Given large set of X rules available based on existing reconciliations,build a Y rule recommendation system based on the following

- Y rule is configured using one or more X attributes
- Given many X rules , find out which combination of X keys  occur frequently
- Also determine the which frequency combinations are unexpected

**Input** : Rec Type and Schema of X attributes

**Output**:Probable list of Y rules 


---

#### Association rules with antecedent and  consequent

To identify and evaluvate association rules, three things are key

- How frequent itemsets or consequent and antecedent purchased together : **support(Prevalence)**
- Given purchase of antecedent how likely is the purchase of the consequent : **Confidence(Predictablity)**
- How much likely is this association than we would expect by chance :**Lift(Interest)**

**Note**
- Association rules does not imply causality
- Type 1 errors - accepting false rules
- Type 2 errors  - missing significant rules

---

{A(i)}=> {C(i)}

This rule indicates that based on the history of all the transactions, when Item A is found in a transaction or a basket, there is a strong propensity of the occurrence of Item C within the same transaction.

The set of items on the left-hand side is the **antecedent** of the rule,while the one to the right is the **consequent**.

- The antecedent and consequent of the rule can contain more than one item, like Item A and Item C. 

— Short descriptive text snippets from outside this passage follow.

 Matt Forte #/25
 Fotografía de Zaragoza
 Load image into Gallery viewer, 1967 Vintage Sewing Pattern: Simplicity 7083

|Session ID|News|Finance|Entertainment|Sports|Arts|
|----------|----|-------|-------------|------|----|
|1	|1|	1|	0|	0|	0|
|2	|1|	1|	0|	0|	0|
|3	|1|	1|	0|	1|	0|
|4	|0|	0|	0|	0|	1|
|5	|1|	1|	0|	1|	0|
|6	|1|	0|	1|	0|	1|

---
#### Support :
The probability that the antecedent event will occur, is the **support** of the rule.That simply refers to the relative frequency that an itemset appears in transactions. 

**S{itemset}** =  **# txn with item set / # txn**

From the above example:

- Support({News})=5/6=0.83
- Support({News, Finance})=4/6 =0.67
- Support({Sports})=2/6=0.33

The support measure for a rule indicates whether a rule is worth considering. Since the support measure favors the items where there is high occurrence, it uncovers the patterns that are worth taking advantage of and investigating.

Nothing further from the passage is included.